ATE testing challenges of heterogeneous silicon chips with advanced packaging
The semiconductor industry is rapidly evolving, driven by the increasing demand for more powerful, efficient, and versatile devices. This evolution has led to the development of complex heterogeneous semiconductor chips with ultra-high density and advanced silicon packages. These cutting-edge designs integrate various functionalities, materials, and technologies onto a single chip, making them incredibly powerful but also posing significant testing challenges in the manufacturing flow.
By Sriharsha Vinjamury, Principal Engineer, SOPT, ARM Inc
The push for heterogeneity in silicon packages is aimed at enhancing computational performance, energy efficiency, and system adaptability. By integrating various types of processors—such as CPUs, GPUs, FPGAs, and AI accelerators—these packages can optimize task execution. Heterogeneous integration enables specific processors to handle workloads they are architecturally optimized for, resulting in significant energy savings and performance boosts. Additionally, it facilitates system upgrades and customization, allowing new functionalities to be added without necessitating a complete system redesign. Enhanced thermal management techniques distribute the computational load more evenly, maintaining lower operating temperatures and improving component reliability.
This approach drives innovation, enabling bespoke solutions for applications ranging from hyperscale data centers to portable consumer electronics. Furthermore, it is cost-effective, extending the operational lifespan of technology and minimizing the frequency and cost of updates.
Silicon Performance improvements with heterogeneous Integration.
A heterogeneous package with 3D HBM memory stacking and an AI accelerator chip
Challenges faced in Advanced Packages:
One of the primary issues in advanced packaging is material compatibility and selection. Ensuring strong adhesion between diverse materials such as organic substrates, silicon dies, and metal interconnects is critical. Poor adhesion can lead to delamination, impacting device reliability. Additionally, different materials have varying coefficients of thermal expansion (CTE), which can cause mechanical stress during thermal cycling, potentially resulting in cracks or warpage.
Lithography and patterning also pose significant challenges. Achieving precise patterning for redistribution layers (RDLs) and interconnects at sub-micron scales is difficult. Variations in these processes can cause electrical performance issues and reduce yield. Accurate alignment between multiple layers in multi-die or 3D ICs is crucial, as misalignment can result in connectivity failures and diminished performance.
The nano-scale lithography for the RDL layers pose issues for reduced line widths, requiring precise electromigration control. Integrating low-k dielectrics and novel metals demands strong adhesion and diffusion barriers. Efficient thermal management and stress-relief structures are crucial for differential CTE-induced stress. Maintaining high-frequency signal integrity and controlling defects in photolithography, etching, and plating are essential for yield and reliability in complex, high-density interconnects.

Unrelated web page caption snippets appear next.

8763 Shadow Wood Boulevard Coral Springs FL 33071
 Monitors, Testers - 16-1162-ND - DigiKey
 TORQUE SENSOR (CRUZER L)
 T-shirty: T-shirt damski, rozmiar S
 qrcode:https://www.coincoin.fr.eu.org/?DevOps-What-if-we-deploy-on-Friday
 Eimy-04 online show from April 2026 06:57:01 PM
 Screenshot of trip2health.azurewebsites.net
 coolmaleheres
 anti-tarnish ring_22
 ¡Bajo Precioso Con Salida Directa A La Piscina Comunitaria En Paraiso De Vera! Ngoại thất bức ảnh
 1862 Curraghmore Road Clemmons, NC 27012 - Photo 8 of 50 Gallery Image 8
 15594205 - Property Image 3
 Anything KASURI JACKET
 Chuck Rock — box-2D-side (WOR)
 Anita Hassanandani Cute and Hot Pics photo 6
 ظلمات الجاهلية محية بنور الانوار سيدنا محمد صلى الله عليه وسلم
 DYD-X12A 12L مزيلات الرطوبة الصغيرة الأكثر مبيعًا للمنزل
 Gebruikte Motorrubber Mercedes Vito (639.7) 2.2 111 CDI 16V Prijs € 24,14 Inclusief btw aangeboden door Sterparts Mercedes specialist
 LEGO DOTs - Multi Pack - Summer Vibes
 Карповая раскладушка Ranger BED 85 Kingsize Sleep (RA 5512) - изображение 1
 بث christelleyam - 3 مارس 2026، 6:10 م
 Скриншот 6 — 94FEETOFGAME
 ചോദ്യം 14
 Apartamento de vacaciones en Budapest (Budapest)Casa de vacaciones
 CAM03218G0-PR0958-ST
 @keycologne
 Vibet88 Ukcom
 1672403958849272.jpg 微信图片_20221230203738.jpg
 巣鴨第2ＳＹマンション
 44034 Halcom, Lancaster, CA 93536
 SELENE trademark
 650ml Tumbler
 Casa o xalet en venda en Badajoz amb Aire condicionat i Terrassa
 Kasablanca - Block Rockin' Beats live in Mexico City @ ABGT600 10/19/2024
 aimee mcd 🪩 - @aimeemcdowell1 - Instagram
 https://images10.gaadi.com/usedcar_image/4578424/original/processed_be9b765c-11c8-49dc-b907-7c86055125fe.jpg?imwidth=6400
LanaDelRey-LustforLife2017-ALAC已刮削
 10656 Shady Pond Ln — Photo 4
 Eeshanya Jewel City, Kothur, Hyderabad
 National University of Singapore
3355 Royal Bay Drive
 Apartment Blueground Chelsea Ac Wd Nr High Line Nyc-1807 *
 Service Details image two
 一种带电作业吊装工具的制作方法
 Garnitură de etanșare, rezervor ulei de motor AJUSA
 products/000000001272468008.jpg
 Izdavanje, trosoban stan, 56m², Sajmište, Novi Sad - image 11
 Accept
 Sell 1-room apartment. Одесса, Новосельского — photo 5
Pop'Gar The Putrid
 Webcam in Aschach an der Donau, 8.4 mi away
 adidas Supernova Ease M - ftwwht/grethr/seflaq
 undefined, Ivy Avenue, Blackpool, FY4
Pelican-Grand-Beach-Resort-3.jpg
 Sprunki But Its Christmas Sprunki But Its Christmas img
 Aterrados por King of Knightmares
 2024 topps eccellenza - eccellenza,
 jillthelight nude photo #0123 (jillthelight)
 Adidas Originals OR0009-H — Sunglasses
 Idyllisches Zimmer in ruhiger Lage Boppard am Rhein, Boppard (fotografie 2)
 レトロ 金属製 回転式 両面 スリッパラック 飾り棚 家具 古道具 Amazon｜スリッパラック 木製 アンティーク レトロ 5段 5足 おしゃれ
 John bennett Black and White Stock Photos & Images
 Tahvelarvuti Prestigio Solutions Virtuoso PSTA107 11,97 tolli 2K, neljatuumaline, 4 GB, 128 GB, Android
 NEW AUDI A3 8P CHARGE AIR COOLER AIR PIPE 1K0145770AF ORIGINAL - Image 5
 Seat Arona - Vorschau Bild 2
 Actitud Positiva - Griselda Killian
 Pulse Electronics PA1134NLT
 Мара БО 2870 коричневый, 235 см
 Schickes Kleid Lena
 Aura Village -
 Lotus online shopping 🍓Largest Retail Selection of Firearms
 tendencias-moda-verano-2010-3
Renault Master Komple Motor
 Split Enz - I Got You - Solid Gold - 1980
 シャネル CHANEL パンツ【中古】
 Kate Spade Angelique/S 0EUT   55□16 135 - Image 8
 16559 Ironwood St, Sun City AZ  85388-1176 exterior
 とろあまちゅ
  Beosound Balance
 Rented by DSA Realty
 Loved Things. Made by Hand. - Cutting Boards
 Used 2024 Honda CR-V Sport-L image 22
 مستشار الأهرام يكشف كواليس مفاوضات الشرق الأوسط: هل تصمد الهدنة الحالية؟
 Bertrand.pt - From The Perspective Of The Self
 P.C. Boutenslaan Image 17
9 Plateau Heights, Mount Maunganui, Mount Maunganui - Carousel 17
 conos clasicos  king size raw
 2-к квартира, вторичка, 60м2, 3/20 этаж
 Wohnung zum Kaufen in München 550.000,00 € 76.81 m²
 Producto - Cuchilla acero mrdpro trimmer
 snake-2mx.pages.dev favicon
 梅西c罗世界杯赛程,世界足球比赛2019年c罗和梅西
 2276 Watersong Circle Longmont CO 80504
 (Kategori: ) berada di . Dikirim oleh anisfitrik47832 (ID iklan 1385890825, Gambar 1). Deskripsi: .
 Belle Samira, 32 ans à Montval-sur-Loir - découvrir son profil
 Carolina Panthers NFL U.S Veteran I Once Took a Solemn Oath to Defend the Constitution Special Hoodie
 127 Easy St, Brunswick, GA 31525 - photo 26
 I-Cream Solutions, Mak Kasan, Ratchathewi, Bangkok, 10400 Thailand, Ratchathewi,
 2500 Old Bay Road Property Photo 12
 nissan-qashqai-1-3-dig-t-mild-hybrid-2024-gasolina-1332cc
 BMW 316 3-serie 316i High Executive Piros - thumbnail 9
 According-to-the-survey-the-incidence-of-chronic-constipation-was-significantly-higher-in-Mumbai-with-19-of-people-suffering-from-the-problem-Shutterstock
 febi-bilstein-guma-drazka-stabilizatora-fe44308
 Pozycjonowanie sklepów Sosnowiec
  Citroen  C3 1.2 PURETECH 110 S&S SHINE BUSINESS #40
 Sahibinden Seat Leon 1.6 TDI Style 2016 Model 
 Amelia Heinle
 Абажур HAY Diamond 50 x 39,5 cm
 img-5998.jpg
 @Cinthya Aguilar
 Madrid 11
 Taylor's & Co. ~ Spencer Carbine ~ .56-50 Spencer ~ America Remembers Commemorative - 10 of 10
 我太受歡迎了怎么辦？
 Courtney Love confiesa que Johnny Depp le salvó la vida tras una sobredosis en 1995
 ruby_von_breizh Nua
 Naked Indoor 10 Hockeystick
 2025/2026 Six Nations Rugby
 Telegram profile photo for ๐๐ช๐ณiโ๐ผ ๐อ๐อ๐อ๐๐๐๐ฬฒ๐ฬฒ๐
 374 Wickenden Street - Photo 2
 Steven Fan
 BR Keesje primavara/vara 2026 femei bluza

A Heterogeneous Package with 3D HBM memory stacking and an AI accelerator chip.
Thin wafer handling is nothera major challenge in advanced packaging because thinning wafers to just a few hundred micrometers for 3D stacking makes them fragile and prone to breakage and warpage, necessitating special handling during processing. Through-silicon vias (TSVs) add another layer of difficulty with their complex etching and filling processes; defects here can seriously compromise performance and reliability. Additionally, TSVs can introduce stress that degrades silicon performance over time, especially under thermal cycling.
Thermal management is crucial as high-density interconnects and multiple dies generate significant heat, which needs to be efficiently dissipated to prevent overheating. This requires appropriate thermal interface materials (TIMs). Ensuring interconnect reliability is also tough, as high current densities can lead to electromigration, causing connection failures. Repeated thermal cycling adds stress that can crack interconnects over time.
In assembly and bonding, achieving reliable flip-chip bonding with micro-bumps demands precise control over bump formation, alignment, and reflow. Optimizing the underfill process is critical to protect solder joints from environmental stresses.
Managing yield and defects throughout the stages of lithography, etching, and bonding is vital, as any defects can significantly affect production efficiency. Environmental concerns like moisture sensitivity and outgassing must be managed to ensure long-term reliability. Finally, balancing cost and scalability is essential. Advanced packaging processes are inherently complex and expensive, requiring constant innovation and collaboration to maintain high yield and commercial viability.
These issues impact yield and introduce latent defects. Variations in these processes can lead to electrical performance issues, misalignments, and stress-induced failures, which are difficult to detect during Automated Test Equipment (ATE) testing. Defects like delamination, warpage, and electromigration often manifest under operational stresses, making early detection and effective fault isolation challenging, ultimately affecting the overall reliability and yield of the devices.